Bruno Fernandes saw red as Tottenham cruised past misfiring Manchester United 3-0 and increased the heat on manager Erik ten Hag.
Sunday’s Old Trafford encounter was a chance for these top-four hopefuls to kickstart campaigns that had begun in similarly topsy-turvy fashion.
But a month that started for United with a 3-0 home defeat to Liverpool ended in another Old Trafford loss by the same scoreline as Brennan Johnson, Dejan Kulusevski and Dominic Solanke struck for Spurs.
Skipper Fernandes’ sending off for a challenge on James Maddison at the end of a one-sided first half compounded matters, ruling him out of next weekend’s trip to Aston Villa and two further matches.
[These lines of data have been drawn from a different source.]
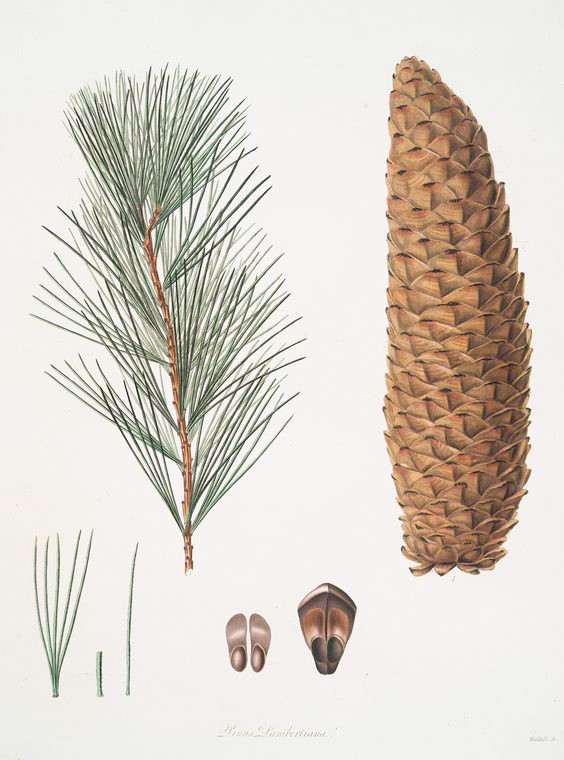 Pinus Lambertiana, from A Description of the Genus Pinus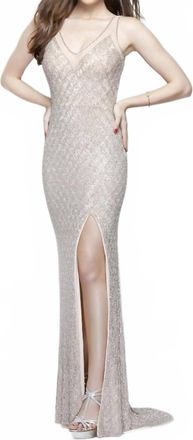 Primavera Embroidered Beaded Gown In Blush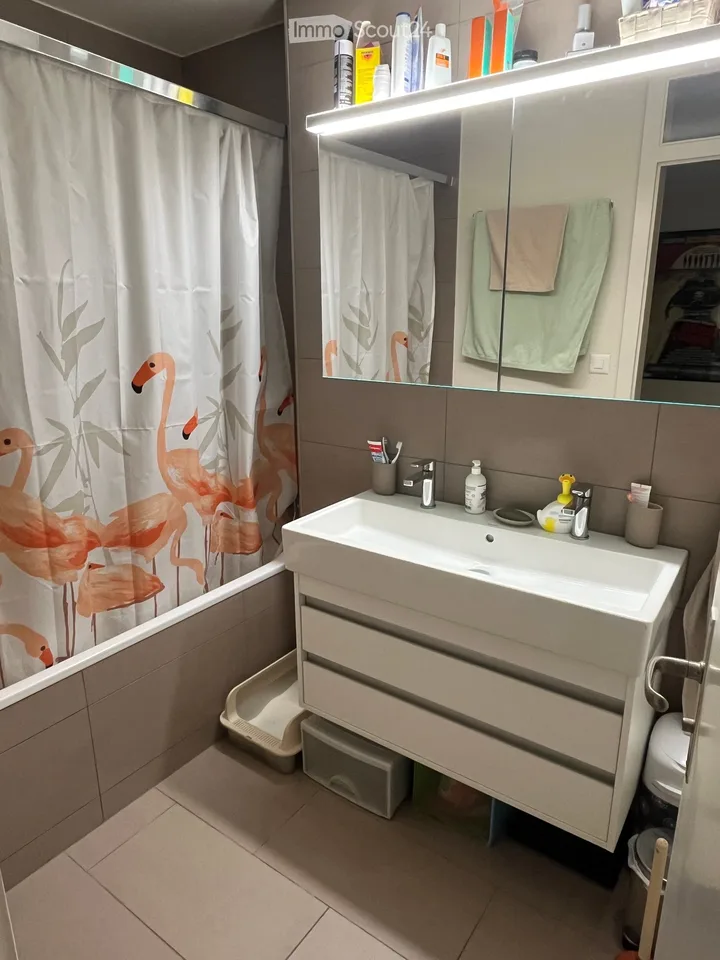 Helle und grosszügig geschnittene 3-Zimmer-Wohnung mit Balkon und schöner Aussicht in Birsfelden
Kobbie Mainoo and Mason Mount also went off injured on a nightmare afternoon for Ten Hag, who is under the spotlight as United head to Porto and Villa Park before the international break.
As for Ange Postecoglou, they impressed without injured star Son Heung-min and won consecutive Premier League matches for the first time since March.
Spurs were as impressive as United were disjointed from the outset at Old Trafford, where the visitors went ahead after 155 seconds.
Micky van de Ven capitalised on miscommunication between Alejandro Garnacho and Marcus Rashford and drove forwards from his own half having intercepted the ball.
The rapid Spurs centre-back was inexplicably allowed to roar through, eventually sending a low cross to the far post for Johnson to tap home in front of a shellshocked Stretford End.
It was one-way traffic from there. Andre Onana stopped Maddison clipping home and Destiny Udogie lifted over, before Johnson sent a low strike off the far post after the visitors all too easily beat the press.
Joshua Zirkzee’s tame attempt after smart work in the box by Mainoo was the best United could muster in response to the Spurs onslaught.
Noussair Mazraoui stopped Timo Werner converting a low Johnson cross, with Maddison and Udogie having attempts before Cristian Romero slammed an acrobatic strike just wide.
It felt a matter of when rather than if another goal would come and few expected it to arrive at the other end, which it nearly did when Garnacho met a Rashford cross with a volley off the near post.
Spurs were through at the other end courtesy of some dreadful defending as Onana stopped Werner one-on-one before the incline on United’s uphill battle increased.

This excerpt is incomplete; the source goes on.